The more you know about credit card information, the better you can manage your financial life.
"Separating the myths from reality when it comes to credit card use is an important step on your way to ensuring a good credit history and financial security," says Beverly Ladley, Unsecured Borrowing & Small Business Products executive for Bank of America.
Ladley offers the explanations and truths behind five common misconceptions about credit cards:
1. Myth: Applying for a new credit card will not impact your credit score, unless you use the card. Reality: There are five key calculations that are combined to generate your credit score. Applying for new credit, even if you don't use the card, accounts for up to 10 percent of your credit score. Frequently applying for new credit can hurt your credit score, so think twice before applying for a new credit card to be sure that you actually want it.

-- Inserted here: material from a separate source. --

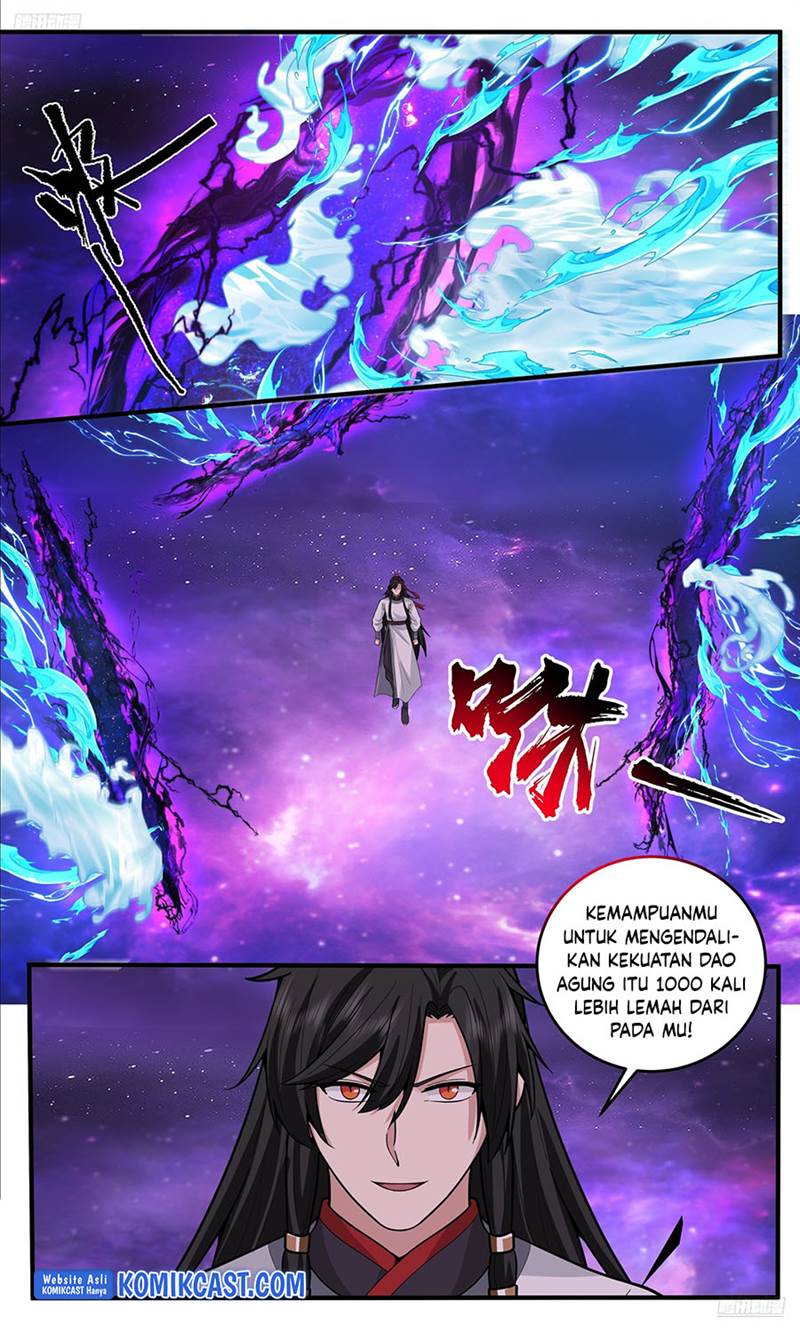 Martial Peak Chap 3818 - Next Chap 3819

2. Myth: Paying less than the minimum on your credit card bill doesn't count as a missed payment. Reality: If you pay less than the minimum payment on your bill, it may be considered a late payment. Frequently paying less than the minimum will hurt your credit score and make it harder for you to qualify for credit. Check your statement for the required amount due, and always pay it on time to keep your account current. And remember, paying more than the minimum is a great way to improve your credit profile and pay less interest over time.
3. Myth: A high credit card limit is bad. Reality: If you manage your credit cards wisely, a high credit limit can in fact be advantageous. Thirty percent of your credit score is determined by calculating your overall credit card balances as a percentage of your total available credit on all your cards. The lower your debt-to-credit ratio, the better. If you have a high credit limit and you keep your balances low, your debt-to-credit ratio will indeed be low, so a higher credit card limit can help you protect your good credit score.

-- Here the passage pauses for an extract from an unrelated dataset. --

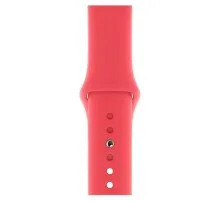 Ремінець до смарт-годинника Armorstandart Sport Band (3 Straps) для Apple Watch 42 (Series 11-10)/41/40/38 Raspberry Red (ARM51943)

4. Myth: You must carry a balance on your credit cards to build a credit history. Reality: You must use your credit cards to build a credit history, but that does not mean you must carry an unpaid balance. In fact, your best strategy is to use your credit cards and pay off the bill in full each month so you keep your overall debt-to-credit limit low.
5. Myth: The more credit cards you have, the better. Reality: A wallet stuffed with credit cards can make financial institutions nervous that your spending could get out of hand. You don't need to restrict yourself to just one card, but refrain from opening credit cards - including store cards - frequently. The number of credit cards you carry makes up about 10 percent of your credit score, so having a large number of credit cards may negatively impact your credit score.
Your credit card is more than just a convenient way to make purchases and manage your expenses."By understanding how your credit card behavior affects your credit score, you can take steps to use your card wisely and build your score," says Ladley.